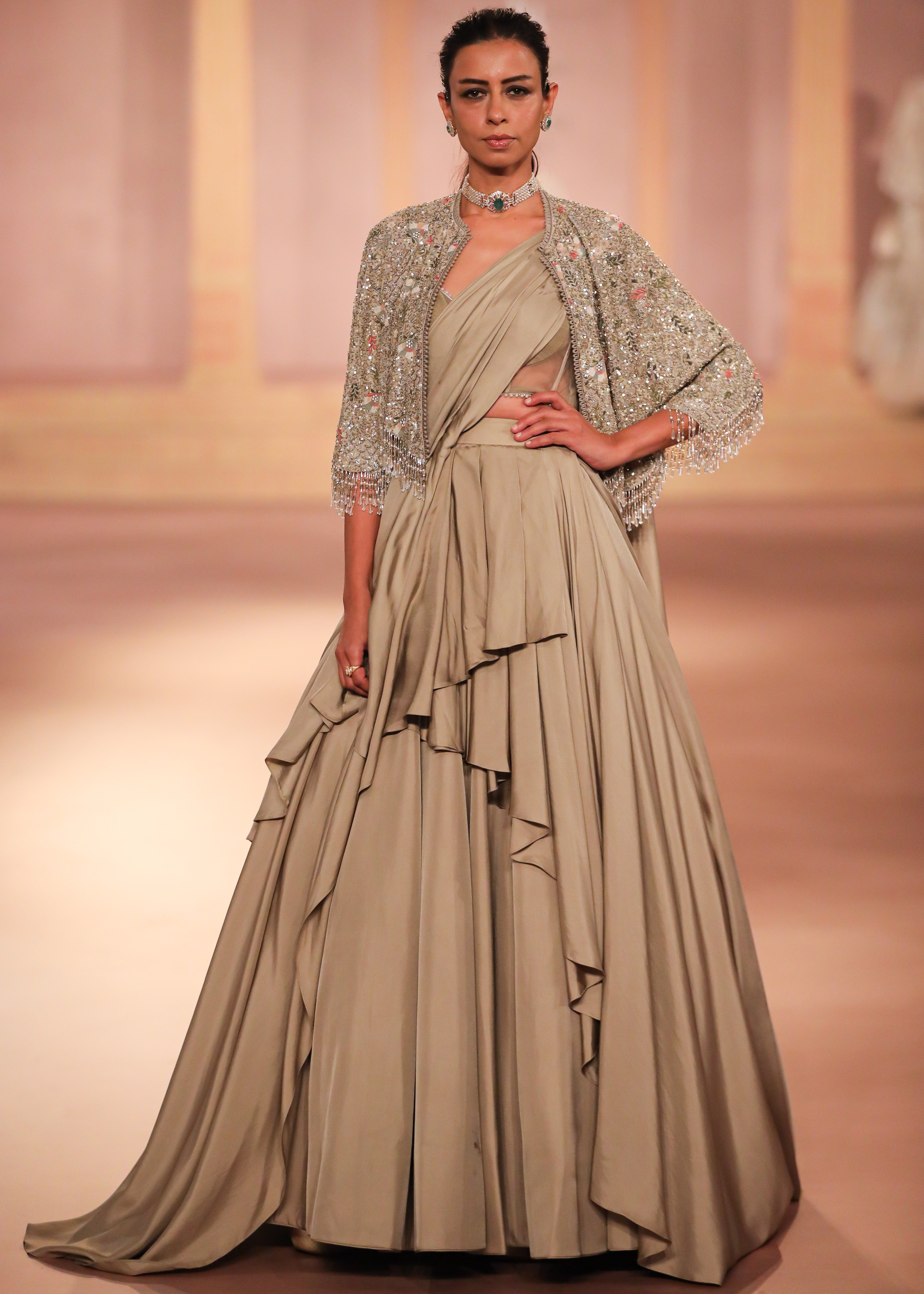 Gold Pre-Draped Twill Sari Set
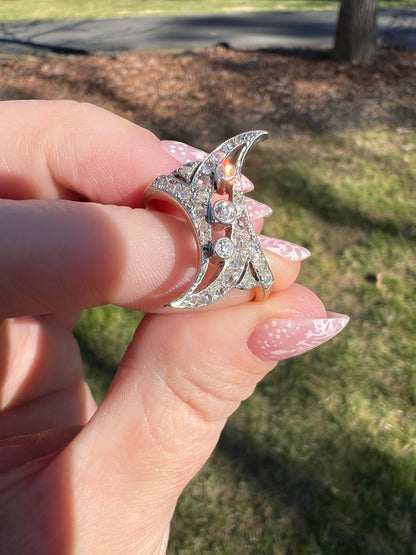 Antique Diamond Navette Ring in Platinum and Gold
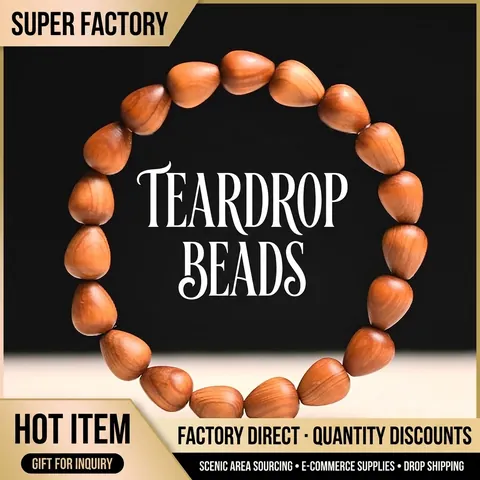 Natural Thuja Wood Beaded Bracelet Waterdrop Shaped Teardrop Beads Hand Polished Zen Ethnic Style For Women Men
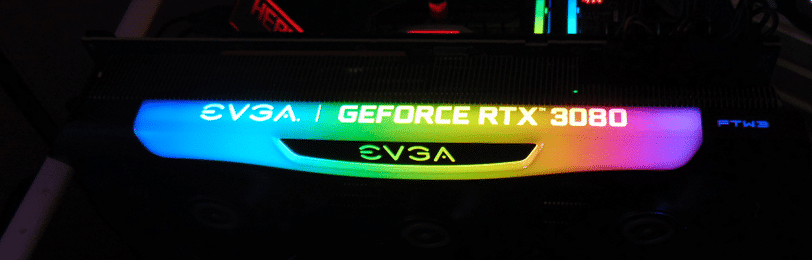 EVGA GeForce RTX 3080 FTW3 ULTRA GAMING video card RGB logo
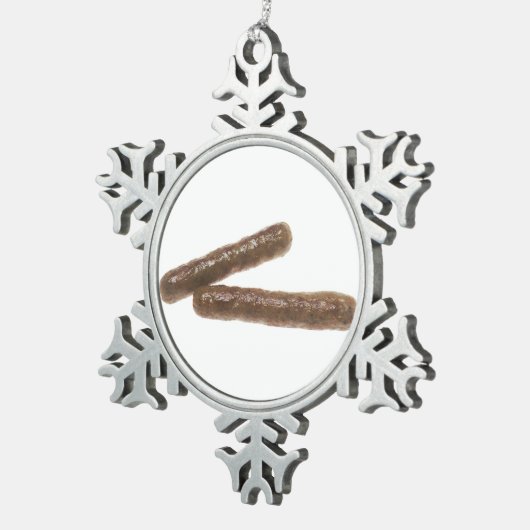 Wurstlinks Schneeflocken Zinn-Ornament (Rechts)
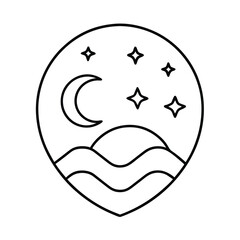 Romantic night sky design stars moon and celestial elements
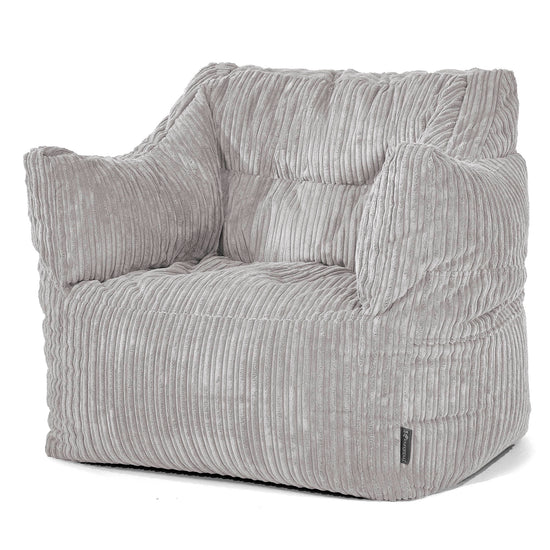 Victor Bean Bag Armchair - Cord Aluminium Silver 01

--

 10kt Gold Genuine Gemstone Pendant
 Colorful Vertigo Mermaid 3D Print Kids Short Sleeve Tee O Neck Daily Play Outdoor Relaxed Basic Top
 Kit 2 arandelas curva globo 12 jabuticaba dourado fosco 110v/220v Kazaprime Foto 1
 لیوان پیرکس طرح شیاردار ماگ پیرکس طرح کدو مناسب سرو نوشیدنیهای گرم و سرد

**Work to complete**
Repeat exactly, and only, the entries from the line with "Natural Thuja Wood" through the line with "Victor Bean Bag". Pictures are skipped.

**Output**
 Natural Thuja Wood Beaded Bracelet Waterdrop Shaped Teardrop Beads Hand Polished Zen Ethnic Style For Women Men
 EVGA GeForce RTX 3080 FTW3 ULTRA GAMING video card RGB logo
 Wurstlinks Schneeflocken Zinn-Ornament (Rechts)
 Romantic night sky design stars moon and celestial elements
 Victor Bean Bag Armchair - Cord Aluminium Silver 01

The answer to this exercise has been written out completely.